Por fim tivemos os dois últimos longas de Pernambuco selecionados para essa edição. Doméstica tem direção de Gabriel Mascaro e foi construído a partir dos registros de sete adolescentes, que por uma semana filmaram suas empregadas domésticas durante o trabalho. O resultado provoca e intriga, principalmente pela boa edição. É uma obra que deverá ser lembrada na premiação final. Depois veio o muito aguardado Era uma vez eu, Verônica, terceiro longa-metragem de Marcelo Gomes, após o premiado Cinema, Aspirinas e Urubus (2005), e o poético Viajo porque preciso, volto porque te amo (2009), co-dirigido por Karim Ainouz. Totalmente construído em cima da personagem defendida por Hermila Guedes, uma médica recém-formada em crise com a profissão, com o namorado e com o pai, que está doente, a história carece de uma maior consistência, apesar de apresentar bons momentos e uma protagonista em plena forma.
Brasília revela emoções diárias. Há encontros com colegas de profissão, novos talentos que surgem a todo instante, artistas consagrados que se aventuram em propostas inéditas, experiências que são somadas e compartilhadas.

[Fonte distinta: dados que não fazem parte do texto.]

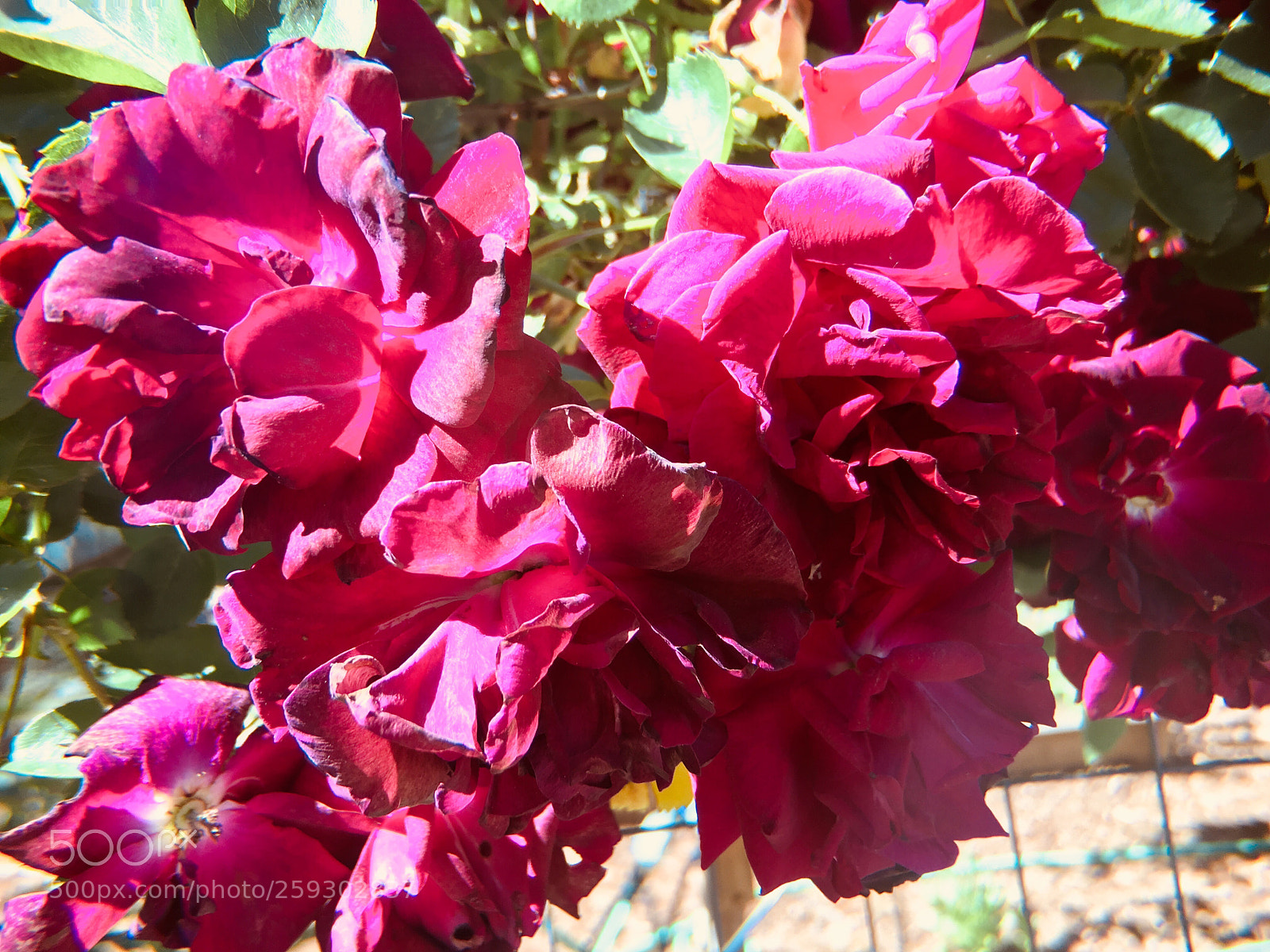Apple iPhone 6s sample photo. Cool flowers photography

E há também o inesperado. Como aconteceu no final da tarde da quinta-feira, pouco antes de nos dirigirmos ao Teatro Claudio Santoro, onde acontece a exibição da mostra competitiva. Fomos pegos de surpresa pelo início de incêndio que aconteceu no Kubitscheck Plaza Hotel, acidente que motivou a vinda de bombeiros e ambulâncias. Ninguém saiu ferido, mas serviu para deixar bem claro que por aqui as coisas, realmente, pegam fogo!